-- Records to process follows --

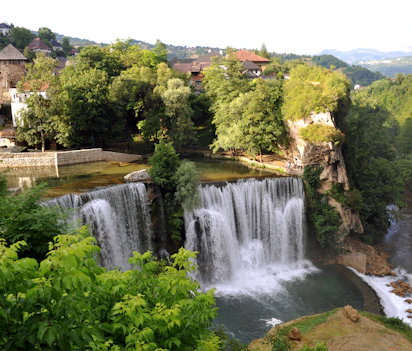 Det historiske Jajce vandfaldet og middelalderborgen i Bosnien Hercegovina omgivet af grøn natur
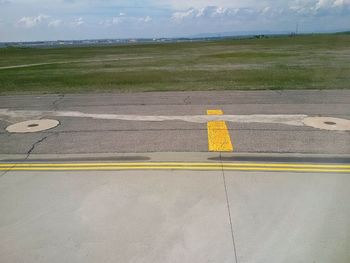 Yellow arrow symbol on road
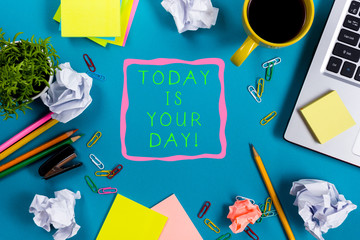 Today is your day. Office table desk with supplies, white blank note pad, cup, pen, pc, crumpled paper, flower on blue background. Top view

-- Records to process concluded --
-- Records to process follows --

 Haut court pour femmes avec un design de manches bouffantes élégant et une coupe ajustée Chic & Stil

-- Records to process concluded --

### Requirement
From the material above, reproduce only what runs from the line holding "Det historiske Jajce" down to the line holding "Today is your", both included, pictures excluded.

### Exercise answer
 Det historiske Jajce vandfaldet og middelalderborgen i Bosnien Hercegovina omgivet af grøn natur
 Yellow arrow symbol on road
 Today is your day. Office table desk with supplies, white blank note pad, cup, pen, pc, crumpled paper, flower on blue background. Top view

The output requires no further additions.